Dad did a double take as he walked by.
“Althena isn’t here yet.” Kimmie rubbed her hands together. “I’m excited about tonight. There’s this energy that something is going to happen.”
“I feel it,” Chuck said. Or maybe it was Zack. They both were young men and wore black baseball caps pulled low over their scruffy faces. Spook was the only one who stood out, with his completely bald head and wide eyes.
“In addition to whoever was in the house before,” Kimmie said, “it’s possible that Sy and Sully could be here now, too. Especially since Sully won’t be completely at rest. And Sy always wanted to know what spirits were in the house. He might stick around for those answers.”
“Do you know the history of the house?” I asked.
“Just bits and pieces,” she said. “Sy was a bit scattered near the end. Wait, do you know more?”
“From the neighbors,” I said. “I gather this house has quite a history.”
“We should document this,” Zack said. Or maybe it was Chuck.
“Can we record you telling the story?” Kimmie asked.
Dad put his hand up. “Not me. Camera shy.” Except I knew he was lying. “But Liz would be happy to.”
“I . . . sure.” I was fitted with a microphone and posed in a threadbare armchair. Lights shone and cameras rolled. While all attention was on me, Dad wandered around the house, poking and prodding and looking around.

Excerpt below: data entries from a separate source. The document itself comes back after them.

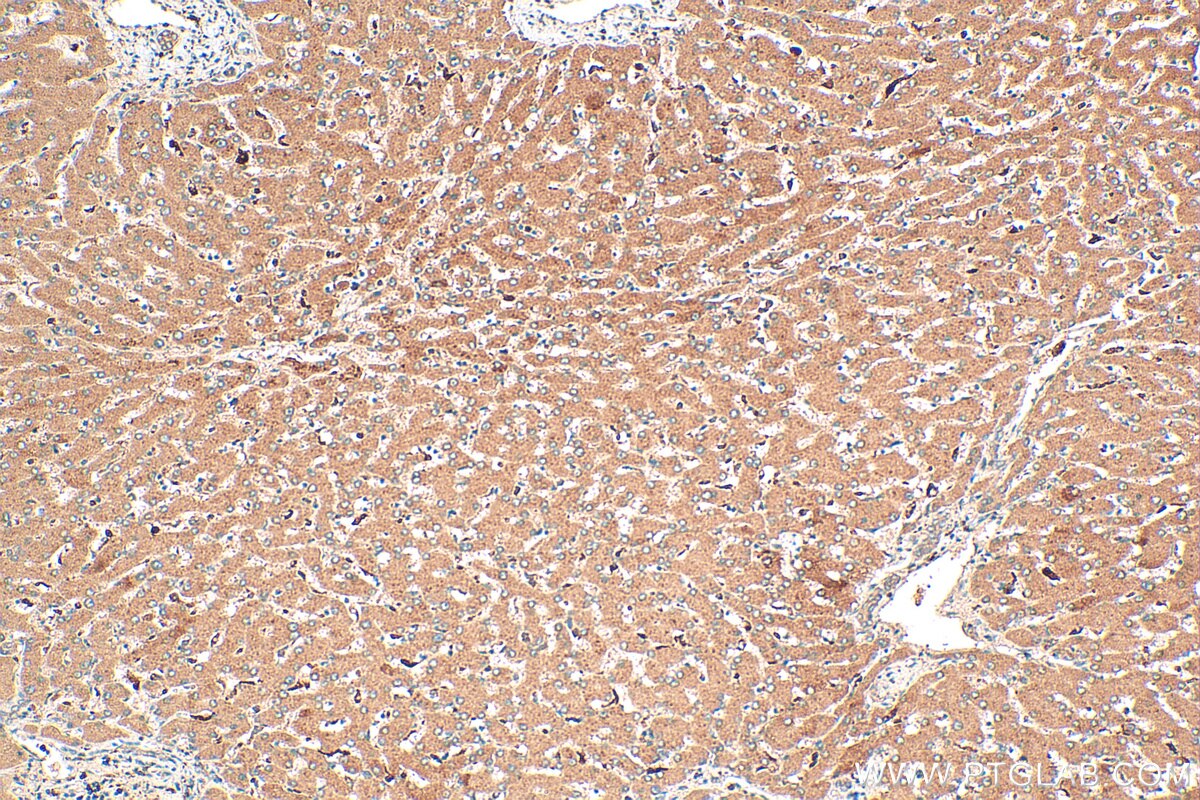Immunohistochemistry (IHC) staining of human liver tissue using RNASE6 Polyclonal antibody (16425-1-AP)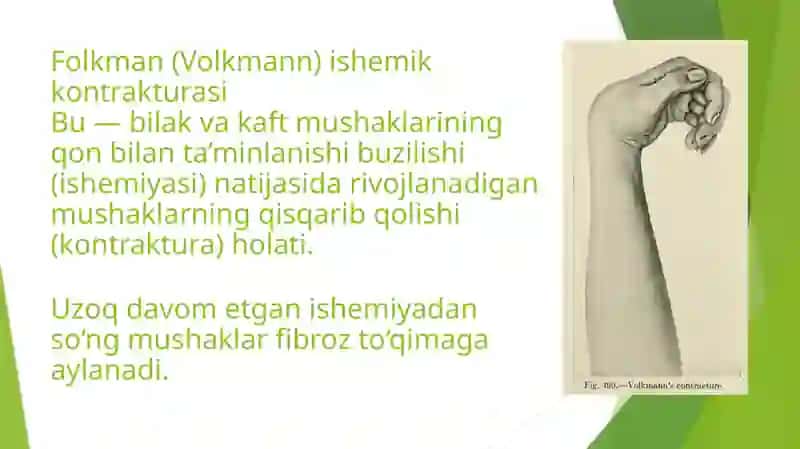 Folkman(Volkmann) ishemik kontrakturasi 2
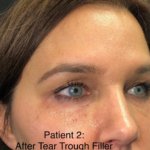 woman after tear trough filler injectable
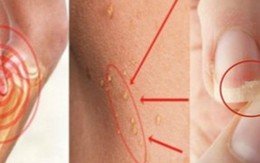 Dấu hiệu cơ thể thiếu hụt chất dinh dưỡng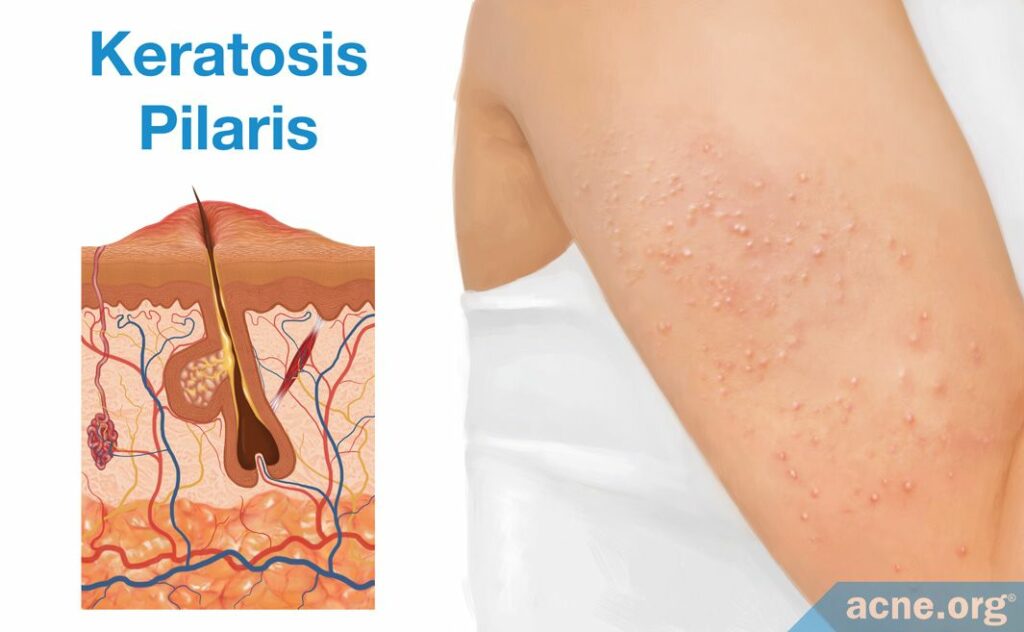 Keratosis Pilaris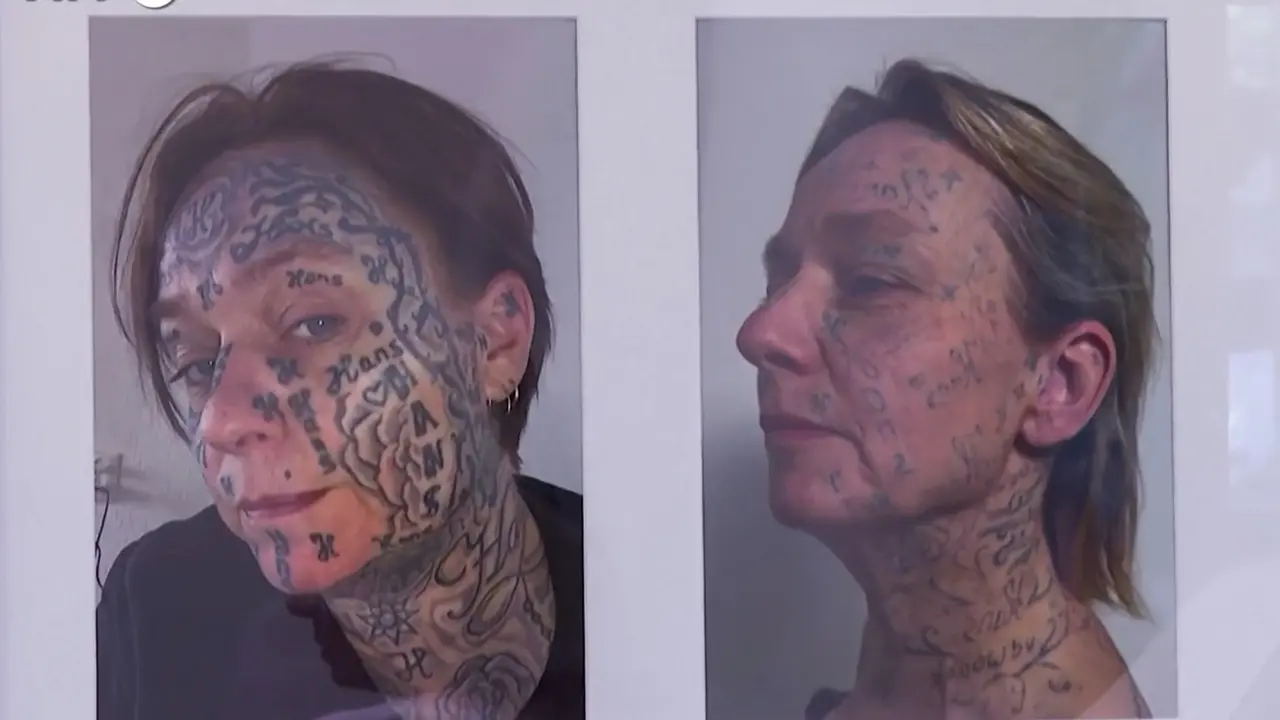 Costrette a tatuarsi dai partner violenti, in Olanda le vittime cancellano i marchi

Apparently I was his search warrant.
“So what can you tell us about the history of the old DuPont house?” Kimmie asked, her voice taking on a journalistic timbre. “Is it true that old William DuPont died of malaria in the master bedroom?”
“I don’t know about that,” I said. “From what I heard, the house was built by a Dr. Leonard DuPont, but of no clear relation to the industrialist millionaire.” I heard a quiet sigh but kept going. “According to local sources, Doctor DuPont used the home not only as his residence but also as his hospital and operating room.”
A bright smile spread across Kimmie’s face. “So it’s possible that some of the patients died here as well.”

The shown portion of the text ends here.